Выбрать главу

— Предпочел бы, так как у меня всегда была бы надежда вылечить ее; я бы с ней поехал в Каир, к пирамидам, в Индию; нет страдания, которого не излечили бы время и путешествия. Поверьте мне… Но часы летят, а я должен вас как можно скорее убить. Итак, пойдем.

— Куда?

— На кладбище св. Каликста; на могилу Розы.

— Ночью?

— Тем лучше! Будем стреляться с двух шагов, промахнуться нельзя. Один из нас падет. Бросим жребий на пистолеты: один лишь из них заряжен.

Ян хладнокровно последовал за англичанином, хотя моментами шатался и почти падал; крупные слезы струились медленно из-под век. Луна светила идущим старой Аппийской дорогой.
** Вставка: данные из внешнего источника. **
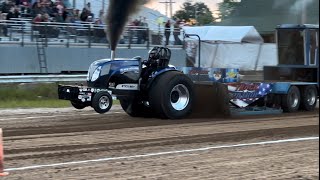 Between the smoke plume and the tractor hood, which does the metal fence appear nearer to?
the smoke plume

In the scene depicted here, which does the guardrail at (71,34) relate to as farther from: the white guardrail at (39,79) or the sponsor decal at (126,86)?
the sponsor decal at (126,86)

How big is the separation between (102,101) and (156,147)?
13.6ft

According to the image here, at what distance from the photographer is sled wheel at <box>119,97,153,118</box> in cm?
1402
На свежей, гладкой и холодной мраморной плите, покрывавшей могилу бедной девушки, Артур разостлал свой плащ, стал на колени и помолился сперва. Ян уже не умел молиться, заплакал, скрестил руки, ждал. Англичанин предложил ему на выбор два пистолета работы Лазаро. Ян взял один из них, стали друг против друга, протянули друг другу руки в знак прощения и выстрелили.

Артур упал на крышку гробницы, а голова его, с хлынувшей через рот кровью, склонилась холодея, с мрамора на зеленый дерн; послышался хрип агонии, потом все утихло…
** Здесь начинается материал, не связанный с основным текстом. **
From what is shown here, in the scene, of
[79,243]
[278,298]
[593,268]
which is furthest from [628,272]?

На другой день толпа спешила на кладбище св. Каликста, где нашли труп англичанина, который, судя по рассказам, застрелился в отчаянии на могиле любимой сестры. Его холодная, окостеневшая рука сжимала еще разряженный пистолет. Тело несчастного унесли прочь за пределы священной земли и похоронили где-то в развалинах. Одни лишь слуги Артура, очень о нем сожалевшие, сопровождали тихие похороны.

Ян в жару невыносимых воспоминаний бежал прочь из Рима и поехал по Италии. Он посетил знаменитые города, причем подольше остановился на родине Батрани, во Флоренции.

Как художник, он ежеминутно рос, раскрывал новые тайны, приобретал новые качества; но как человек потерял самое дорогое: веру, со всем тем, чем она украшает жизнь. Эта тонкая нить, § соединяющая душу с небом, для него оказалась прерванной.

Равнодушный, молчаливый, холодный, он почти машинально шел вперед по намеченному раньше пути.

Одно лишь воспоминание о матери иногда трогало его сердце, и только это воспоминание порождало тоску по родине, куда его ничего больше, даже личико забытой Ягуси, уже не манило.

На пепелище сыновняя любовь светилась еще последней искоркой.

Иногда он тосковал по дому, думал об избе, где о нем думала старая мать над прялкой, не будучи в состоянии даже послать мысль за сыном в неизвестные края. Иногда он представлял ее себе больной, и нищей, в слезах над сыном, которого видеть отчаивалась, — и, охваченный каким-то неопределенным беспокойством, вдруг из Флоренции устремился на родину. Это путешествие, лишенный средств, он принужден был совершать медленно и пешком с возрастающим все время беспокойством. Это беспокойство было под стать болезни. Когда он достиг границы своей родины, впервые с давнего времени слезы набежали на глаза, сердце забилось молодо, он осмотрелся и подсчитал, что приобрел и что потерял в путешествии. Приобретения не покрывали потерь: Ян уже не мог молиться.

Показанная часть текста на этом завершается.